_Exercise objective_:
Reproduce, exactly and in full, the lines from the one with "Adattatore USB 3.0" through the one with "Dr. Bronner's Organic" in the data below; drop pictures.

━━━━━━━━━━━━━━━━━━━━

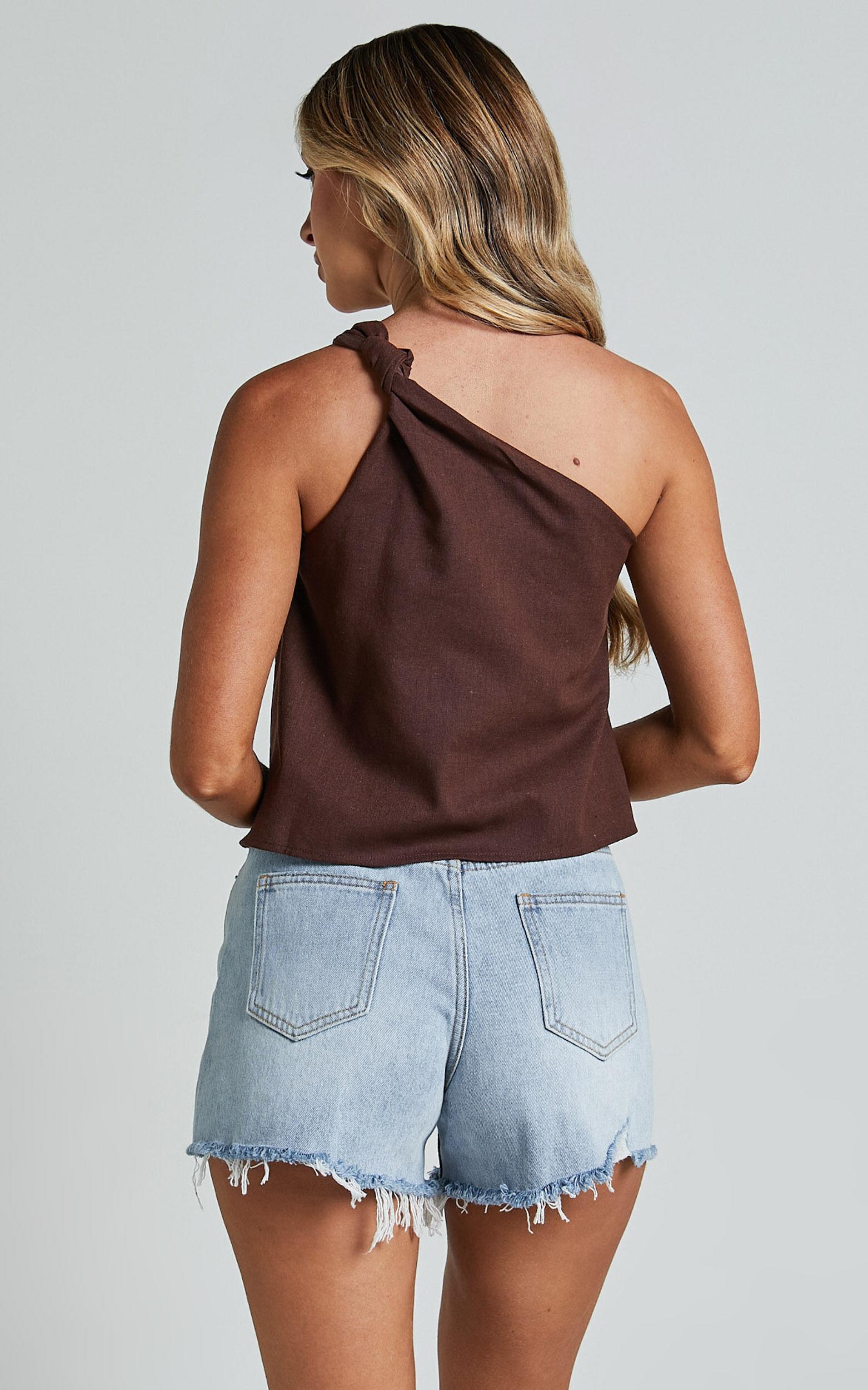 Analia Top - Linen Look One Shoulder Knot Detail Top in Chocolate Product Image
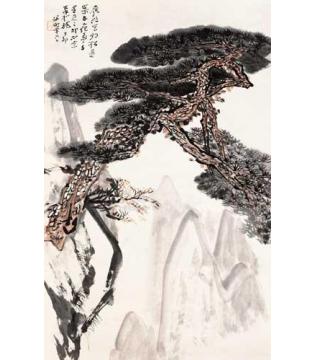 何海霞油画风景晨松图字画之家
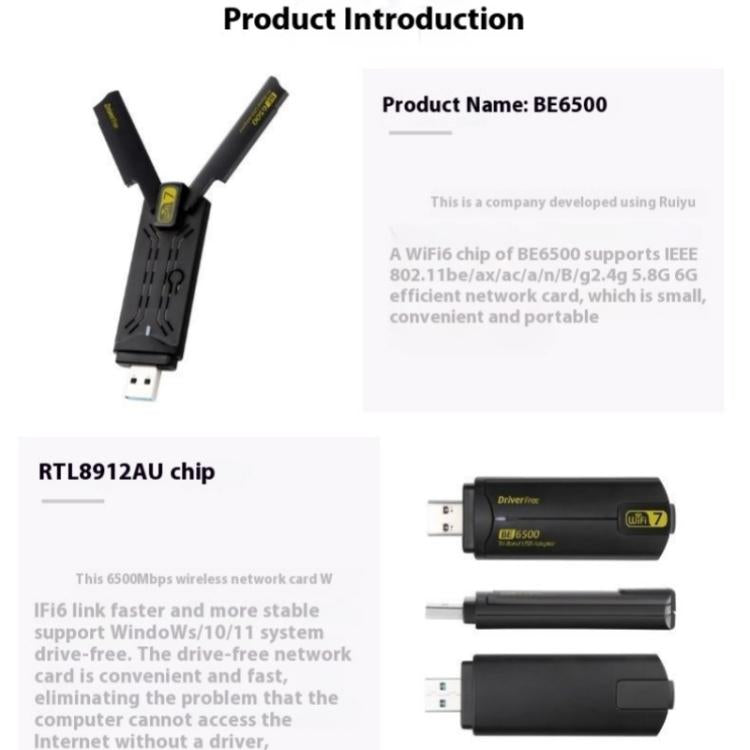 Adattatore USB 3.0 WiFi 7 Tri-Band 6500 Mbps per PC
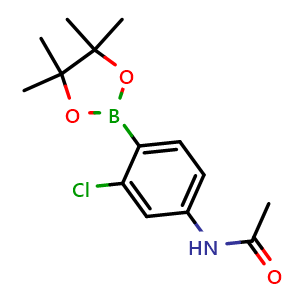 Chemical structure of -(3-chloro-4-(4,4,5,5-tetramethyl-1,3,2-dioxaborolan-2-yl)phenyl)acetamide , CAS 844501-78-6, AChemBlock X210635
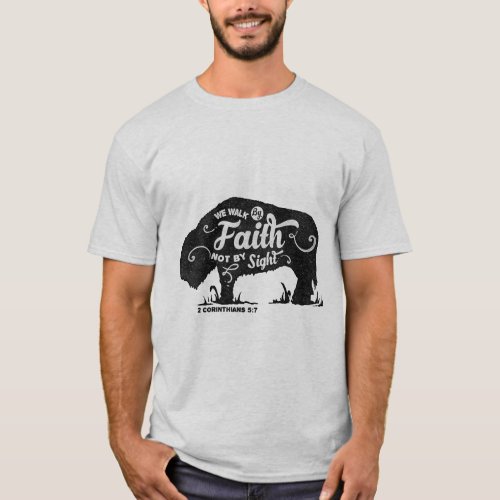 Trendy We Walk By Faith Ash T_shirt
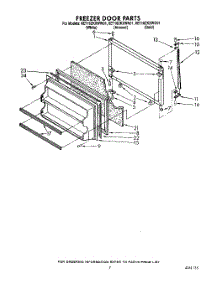 06 - Freezer Door parts for Whirlpool Refrigerator 6ET16ZKXWG01 / from AppliancePartsPros.com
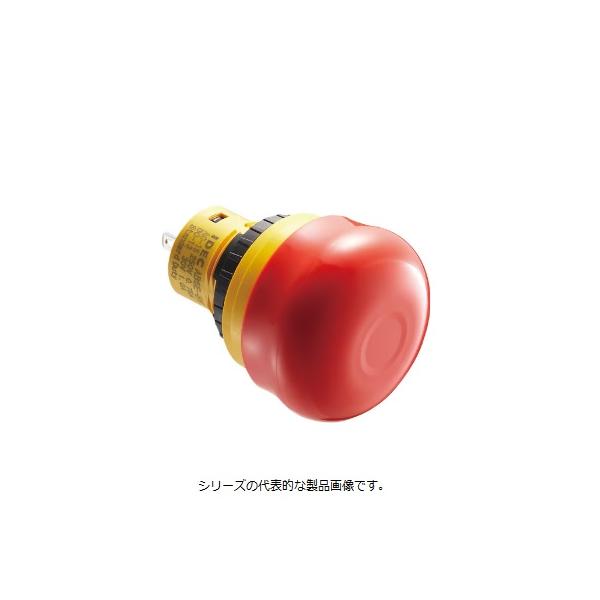 IDEC　AB6E-3BV02PRH（ブライト系赤）　φ16 非常停止用押ボタンスイッチ（一体形） プッシュロックプルorターンリセット　中形ボタン 2b 無地タイプ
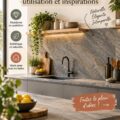 Cuisine moderne avec plan de travail en feuille de pierre, style chic et accueillant.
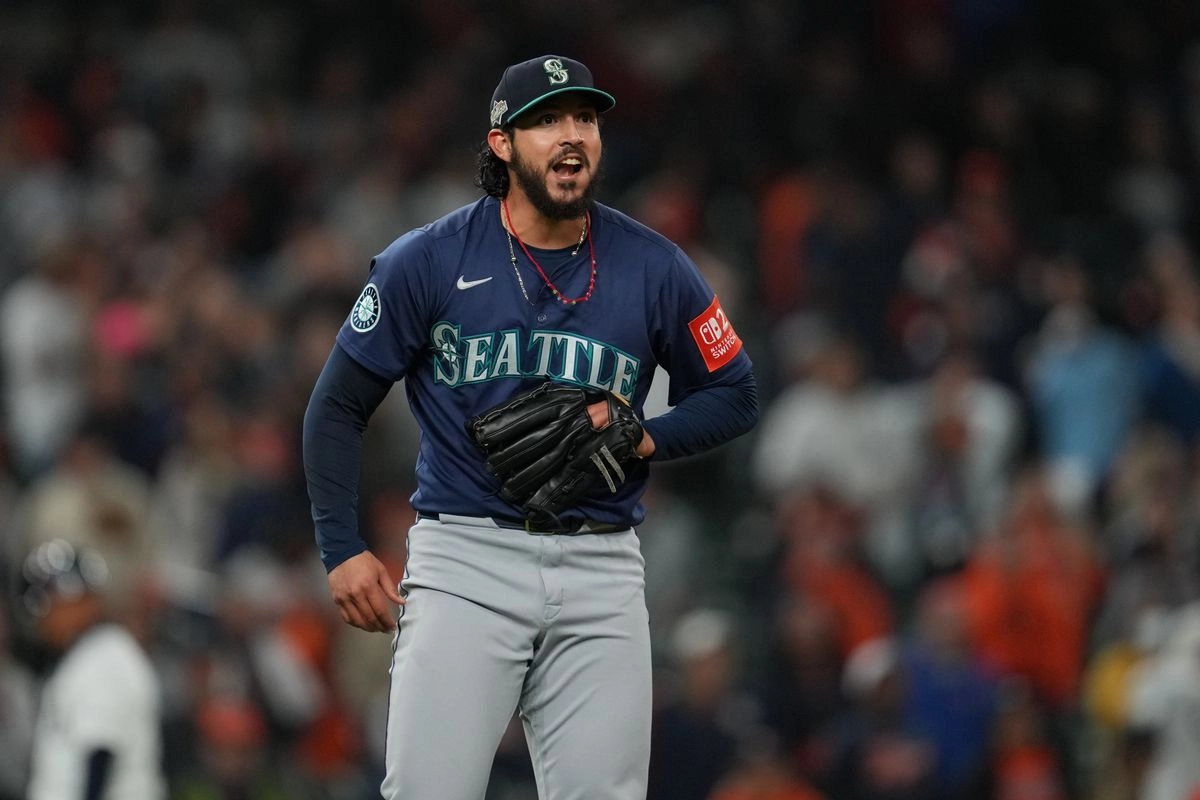 El cerrador All-Star Andrés Muñoz entró con uno en base y sin outs y terminó con las esperanzas de remontada de Detroit con un elevado y un doble play para terminar el juego. Foto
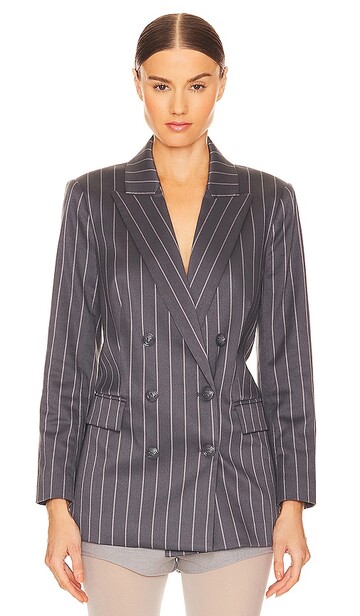l'agence aimee relaxed blazer in charcoal in grey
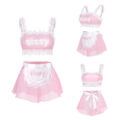 Sissy Maid See-through Bralette Skirted Panties Set Pink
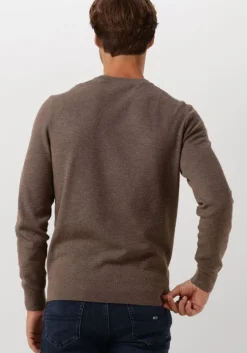 taupe profuomo trui pullover crew neck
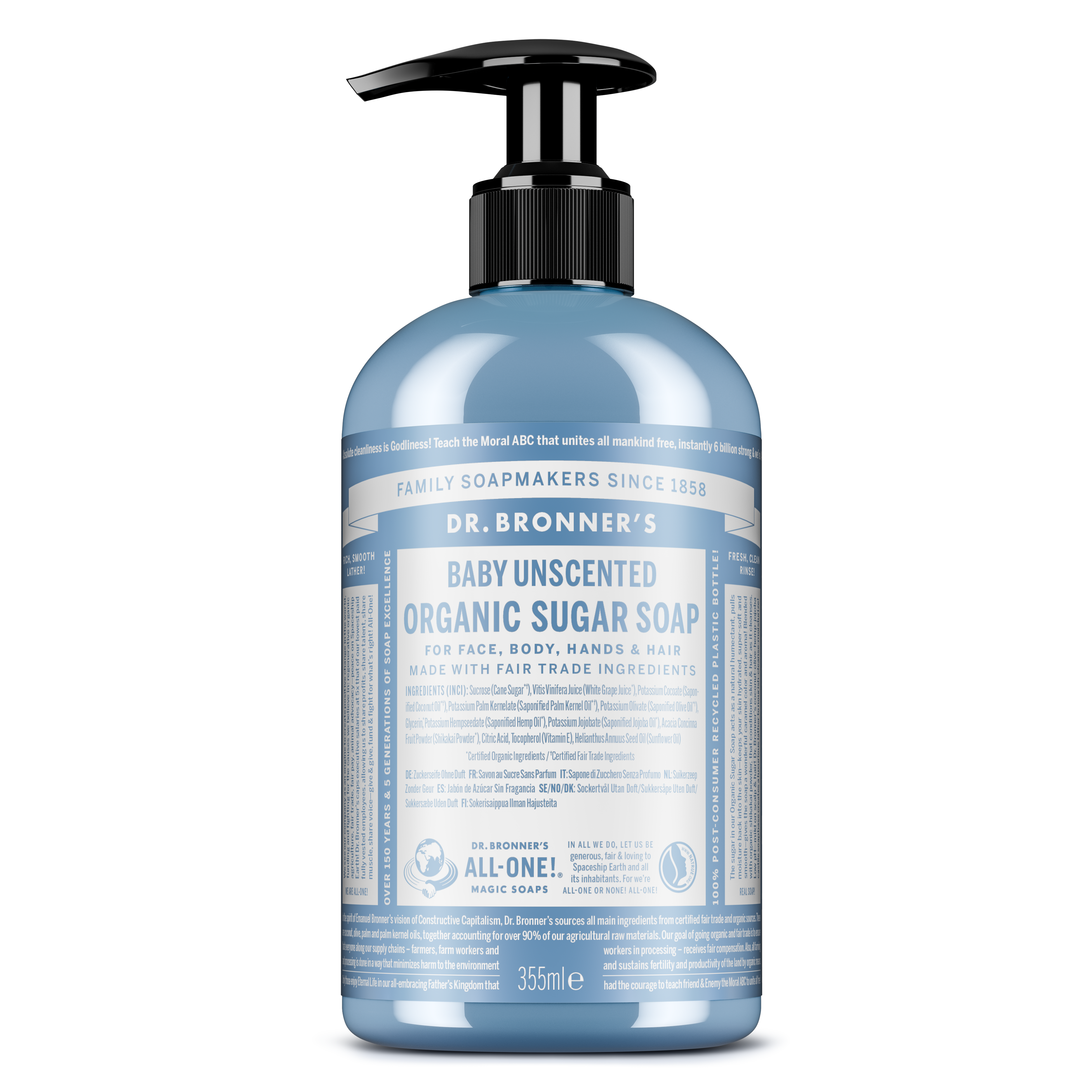 Dr. Bronner's Organic Sugar Soap Baby Unscented 355 ml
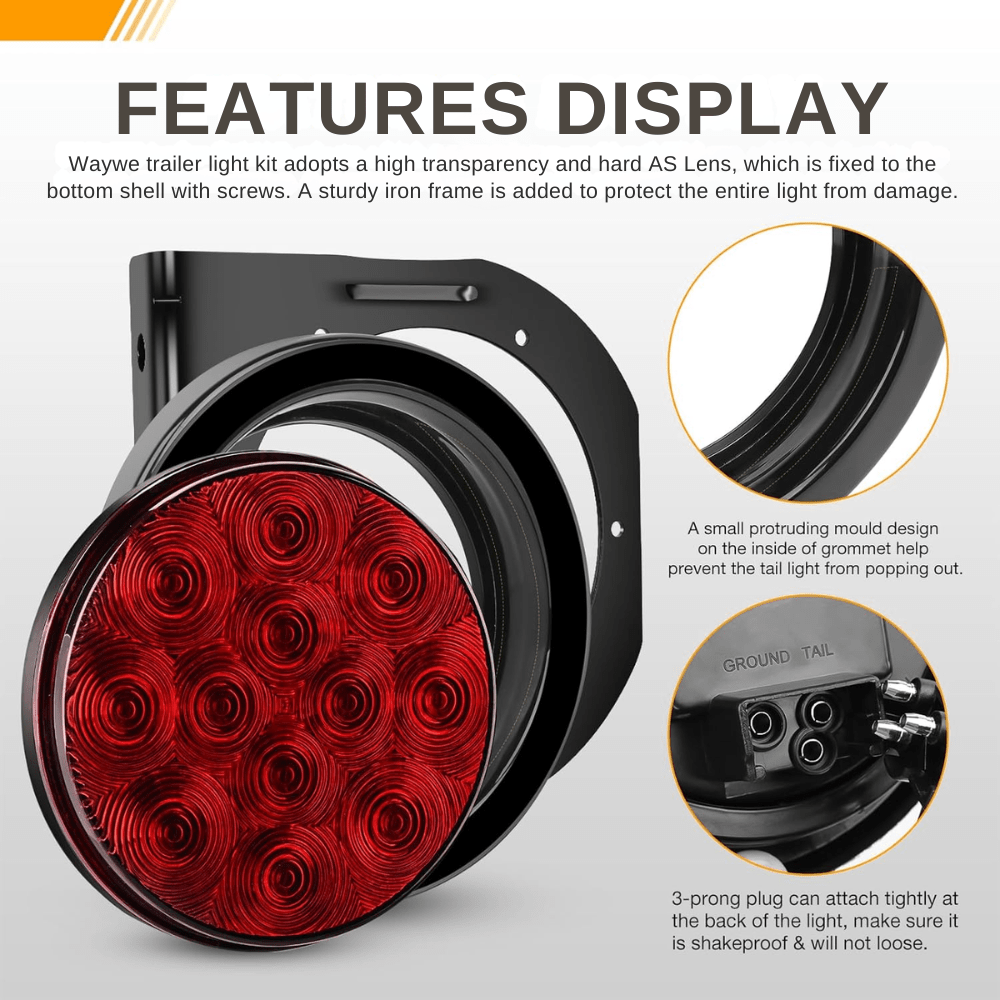 Waywe 4Inch Round Tail Light 2PCS Red 24LED w/Stainless Steel Chrome Bezel Waterproof Stop Brake Turn Signals Lights for Truck Trailer RV Lorry Boat Tractor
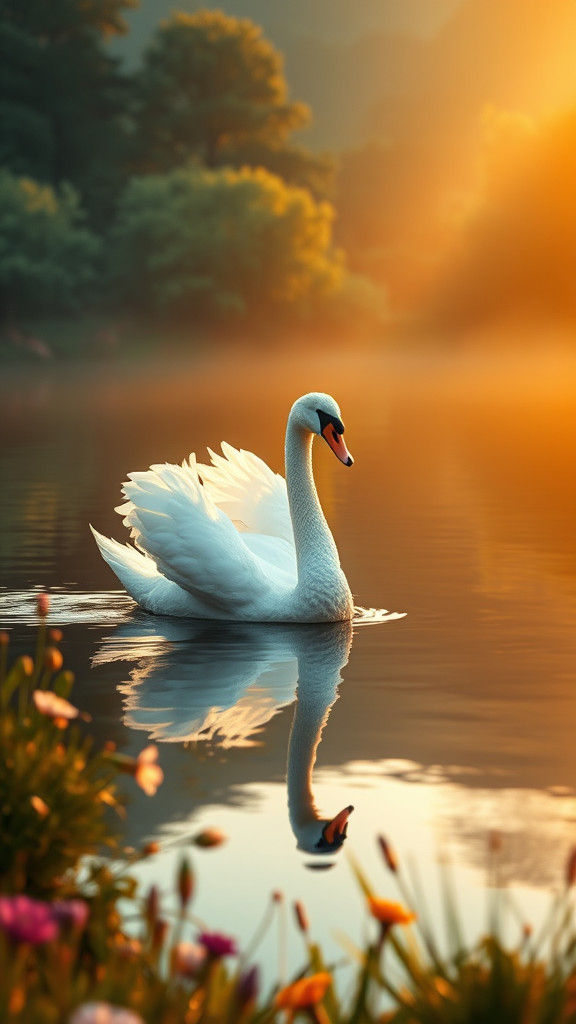 Majestic Swan Glides Across Serene Lake
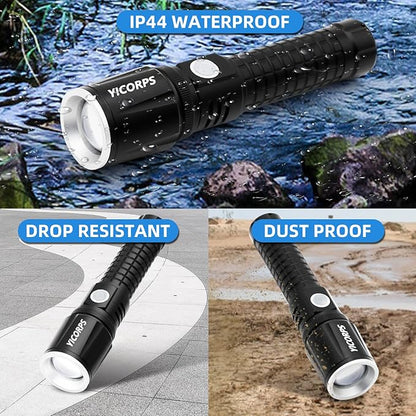 Rechargeable Flashlights High Lumens, 100000 Lumens Super Bright LED Flashlight, Powerful Waterproof Flashlight with 3 Modes and Zoomable for Emergencies, Camping, Hiking(2 Pack)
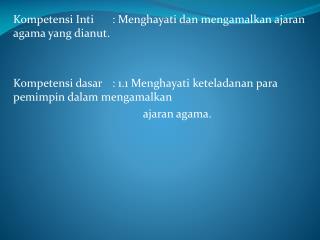 Kompetensi Inti	 : Menghayati dan mengamalkan ajaran agama yang dianut.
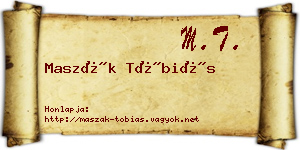 Maszák Tóbiás névjegykártya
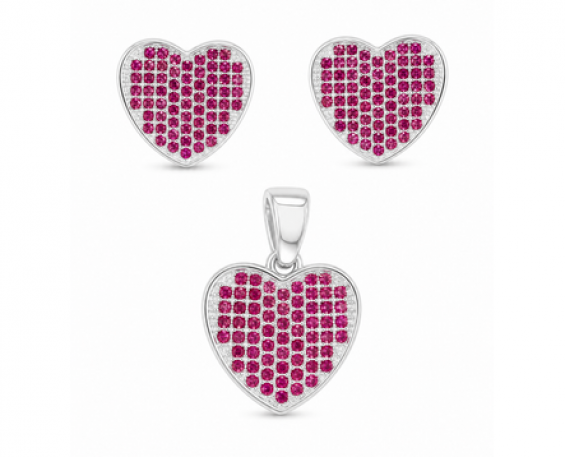 JUEGO DE PLATA DE CORAZONES ROSAS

━━━━━━━━━━━━━━━━━━━━

_Reply to the exercise_:
 Adattatore USB 3.0 WiFi 7 Tri-Band 6500 Mbps per PC
 Chemical structure of -(3-chloro-4-(4,4,5,5-tetramethyl-1,3,2-dioxaborolan-2-yl)phenyl)acetamide , CAS 844501-78-6, AChemBlock X210635
 Trendy We Walk By Faith Ash T_shirt
 06 - Freezer Door parts for Whirlpool Refrigerator 6ET16ZKXWG01 / from AppliancePartsPros.com
 IDEC　AB6E-3BV02PRH（ブライト系赤）　φ16 非常停止用押ボタンスイッチ（一体形） プッシュロックプルorターンリセット　中形ボタン 2b 無地タイプ
 Cuisine moderne avec plan de travail en feuille de pierre, style chic et accueillant.
 El cerrador All-Star Andrés Muñoz entró con uno en base y sin outs y terminó con las esperanzas de remontada de Detroit con un elevado y un doble play para terminar el juego. Foto
l'agence aimee relaxed blazer in charcoal in grey
 Sissy Maid See-through Bralette Skirted Panties Set Pink
 taupe profuomo trui pullover crew neck
 Dr. Bronner's Organic Sugar Soap Baby Unscented 355 ml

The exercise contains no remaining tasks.